Moreover, alt-ac workers are the first responders for fulfilling many of the administrative, legislative, and accreditation initiatives and compliance stipulations. As such, they lay the groundwork and/or provide support for the rest of the campus community in times of change. Many alt-ac positions require staffers to work across a broader horizon, and thus bring people from different parts of the university into a conversation for the greater good. These requirements make the jobs interesting and at times frustrating, but mostly they pose daily intellectual challenges whether we like it or not. For the continued success of higher education, we need our best and our brightest to help navigate very complex issues.

All of this does not, and should not, detract from the hard work that research faculty put into their labs, their writing and their classrooms. Nor does this detract from the many hours of service that faculty put into their time on campus. What we contend here is that the alt-ac community contributes to the success of every campus and that faculty and students depend on alt-ac services. The alt-ac community itself must first recognize the importance of these contributions. Only then can this nascent intellectual identity be better appreciated by faculty and graduate advisers. Alt-ac personnel need not apologize for their lack of a tenure-track position, nor are they simplistic figments of administrative bloat at the expense of campus welfare. They fill required positions for the complex institutions that universities and colleges are today; they are vital contributors to, and co-educators within, the larger intellectual community.

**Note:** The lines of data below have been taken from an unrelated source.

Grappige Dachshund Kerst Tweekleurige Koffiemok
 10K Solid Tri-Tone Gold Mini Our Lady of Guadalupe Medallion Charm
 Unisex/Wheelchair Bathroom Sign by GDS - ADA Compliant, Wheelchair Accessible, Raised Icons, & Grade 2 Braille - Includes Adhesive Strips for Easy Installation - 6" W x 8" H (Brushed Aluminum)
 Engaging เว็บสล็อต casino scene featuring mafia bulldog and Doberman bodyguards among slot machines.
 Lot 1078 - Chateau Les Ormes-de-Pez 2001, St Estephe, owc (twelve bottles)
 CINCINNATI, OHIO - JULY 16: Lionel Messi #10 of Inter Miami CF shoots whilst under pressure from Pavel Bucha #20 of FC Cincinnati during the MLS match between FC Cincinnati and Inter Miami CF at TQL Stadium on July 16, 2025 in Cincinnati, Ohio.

Colleges and universities cannot continually tell the majority of society’s smartest and highest-achieving thinkers that they are, in fact, failures. Our hope is that the conversation about broadening career options for graduate students will deconstruct this false dichotomy where people are asked to choose between increasingly unavailable tenure track positions or leave the academy in shame when the need for smart, capable people on campus exists just beyond the department threshold. Alt-ac careers must be recognized as viable and fulfilling options for Ph.D. job seekers.